© McCord Museum
Inuit: Kivalliq Inuit (Qaernermiut)
1987, 20th century
Caribou fur, natural and synthetic sinew, cotton cord
99 x 128 cm
Purchased from Mrs. Jill Oakes
© McCord Museum
Keys to History:
This contemporary parka has some features that differ from the traditional and contemporary styles of the Kivalliq (Copper Inuit) and are more akin to their neighbours the Kilusiktormiut. The Inuit, formerly a nomadic people, have settled for some decades in communities throughout the Arctic. Hunting and trapping continues to be central to their subsistence activities, alongside the wage economy. Living and working in heated homes and offices has eliminated the need to wear fur clothing indoors. In winter, however, individuals who expect to be out on the land for long periods hunting, conducting scientific research or when the weather deteriorates will don fur clothing either in two layers or in combination with fabric apparel on the inside.
Although outsiders brought new goods such as duffle or ready-made garb, these items brought about no lasting change to the traditional principles of clothing construction used across the Arctic. Seamstresses, knowing the superiority of their clothing to fulfil their requirements, selected those features of southerners' apparel that suited their purposes. The greatest influences on styles today seem to come from exchanges between Inuit groups and from visiting Inuit families who introduce their own clothing styles and methods to other groups.
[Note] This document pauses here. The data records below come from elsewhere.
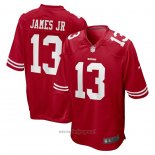 Maglia NFL Game San Francisco 49ers Richie James Jr. Rosso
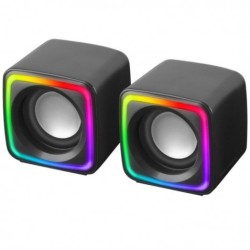 ALTAVOCES PC 2.0 8W RGB...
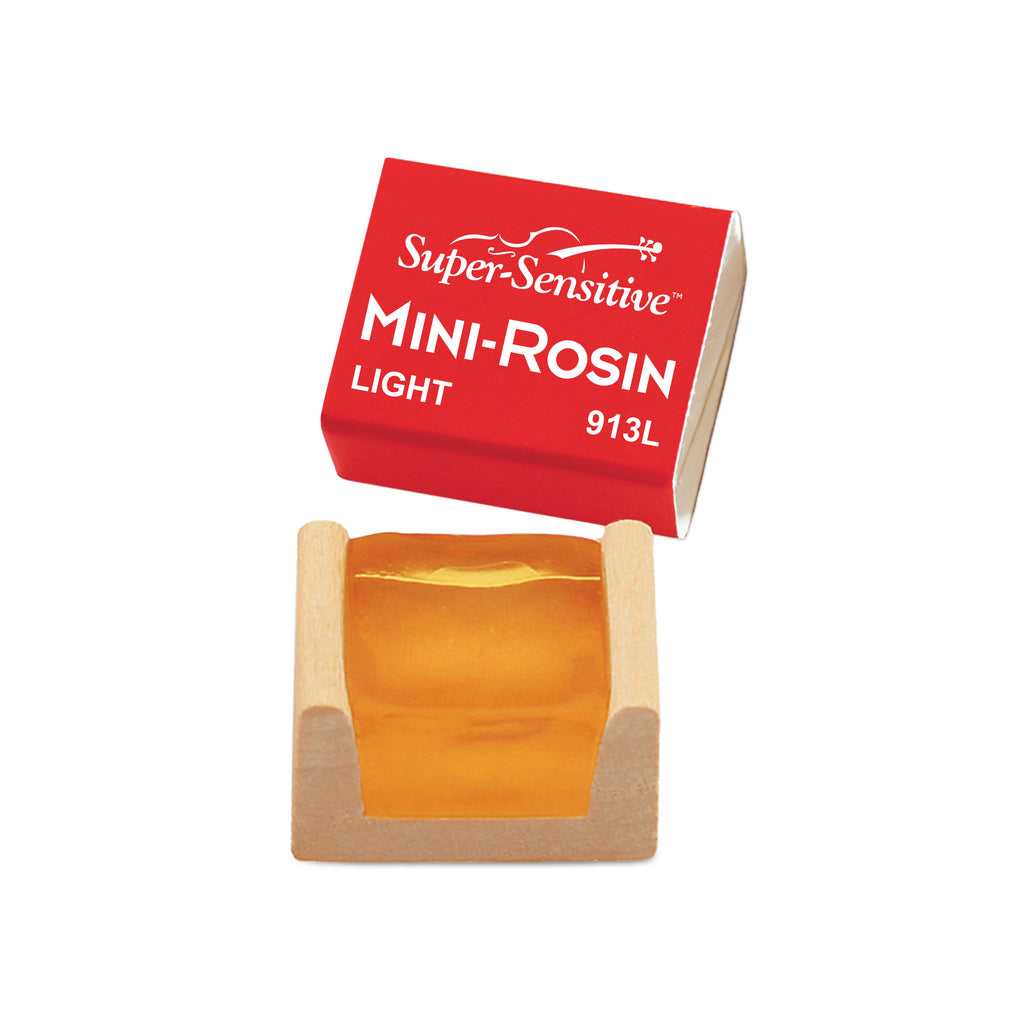 Super-Sensitive Light Rosin for Mini / Violin 48 pack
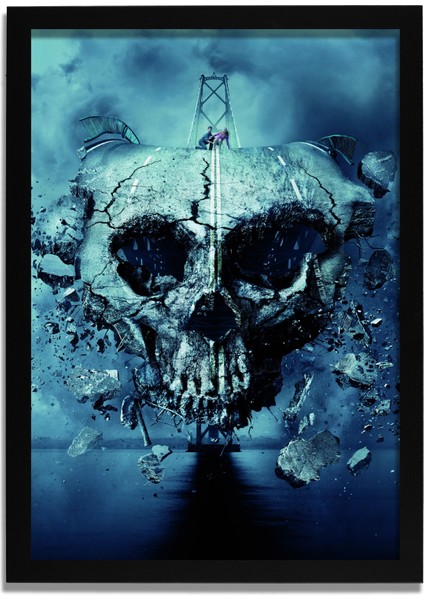 Dizi- Film Karakter ve Afişleri Mdf Plastik Çerçeveli Dekoratif Tablo 01 fiyatları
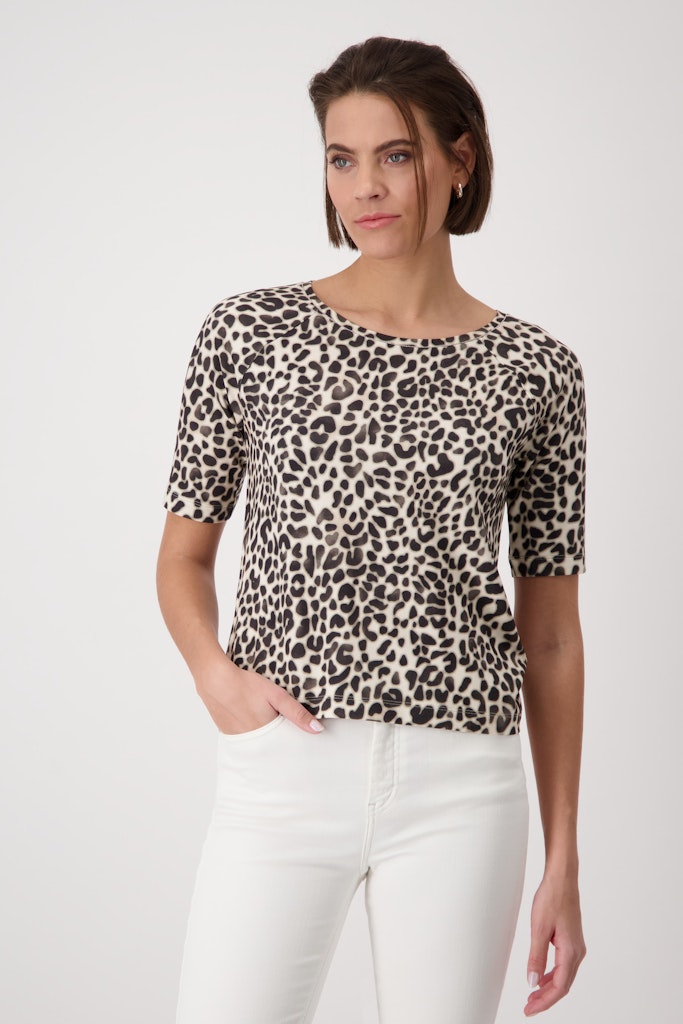 Monari Damen T-Shirts  Coffee Bean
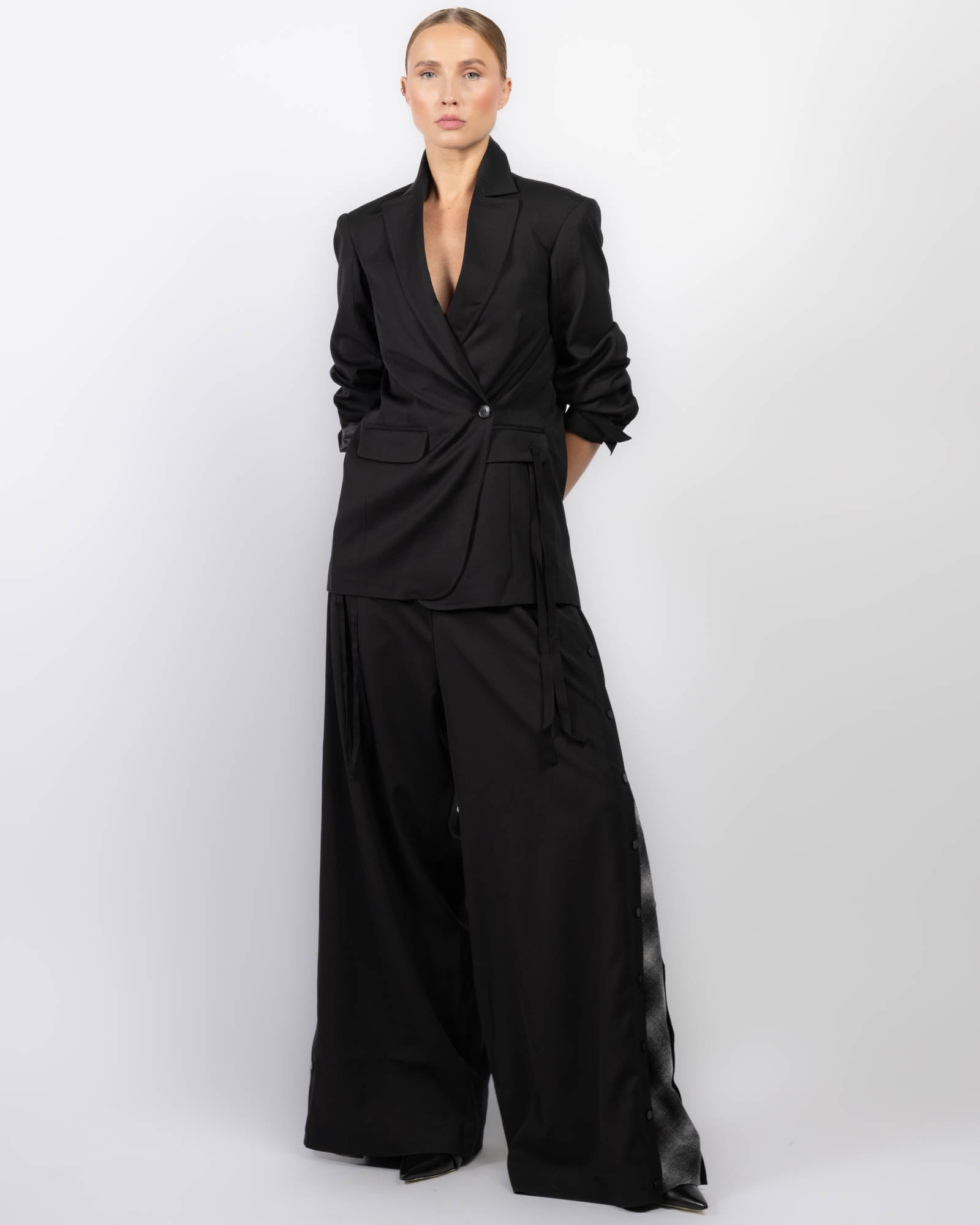 Tailored Wool Jacket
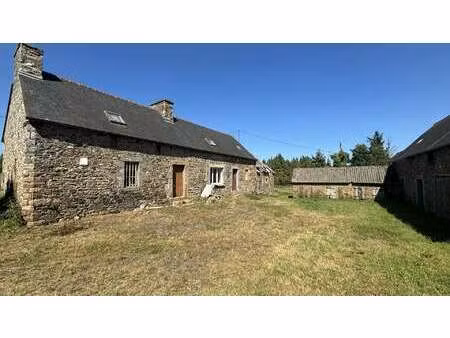 vente longère et corps de ferme à plerneuf (22170) : à vendre / 140m² plerneuf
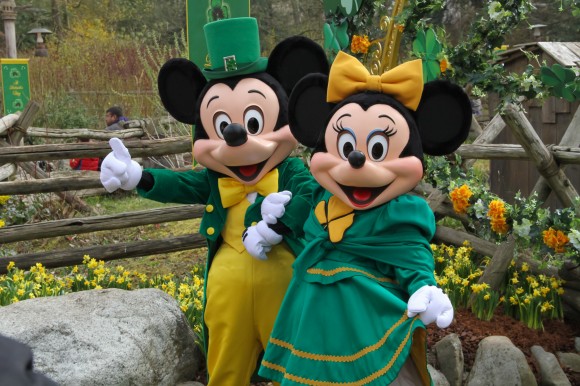 Disneyland Paris Photos: St Patrick's Day 2014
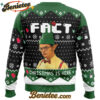 Fact Christmas Is Here The Office Ugly Christmas Sweater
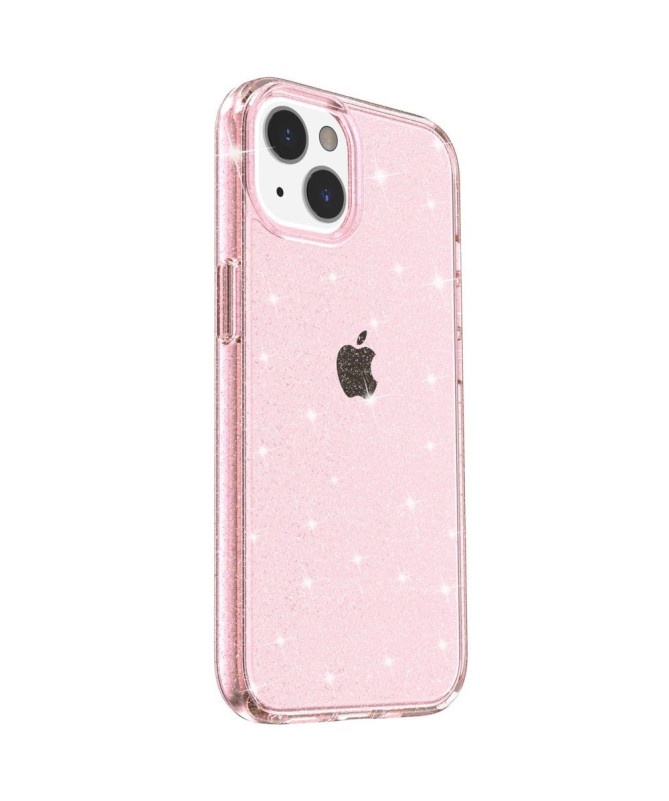 Coque iPhone 14 Plus Paillettes Scintillantes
This qulittuq (man's parka) for winter wear is made from thick caribou skins gathered in the fall and is hand-sewn with sinew. The pattern is contemporary and differs from the traditional style in some minor ways; for example, it no longer has the long narrow akuq (tail) or the many-pieced hood and sleeves. The appearance of this qulittuq is one of luxurious elegance.
This parka, and matching trousers and mittens (not shown), originates with two groups of the Kivalliq: the Pallirmiut, who live around Arviat (Eskimo Point), and the Qaernermiut, who live inland in the vicinity of Qamanittuaq (Baker Lake).
The parka, as well as a matching pair of trousers and mittens that are not shown, was sewn in about 1987.
The qulittuq was made by May Haqpi of Qamanittuaq. This parka belongs to an outfit that includes trousers, made by Pipitu Kurok of Kangiqliniq, and mittens, sewn by Ulayok Kaviok of Arviat.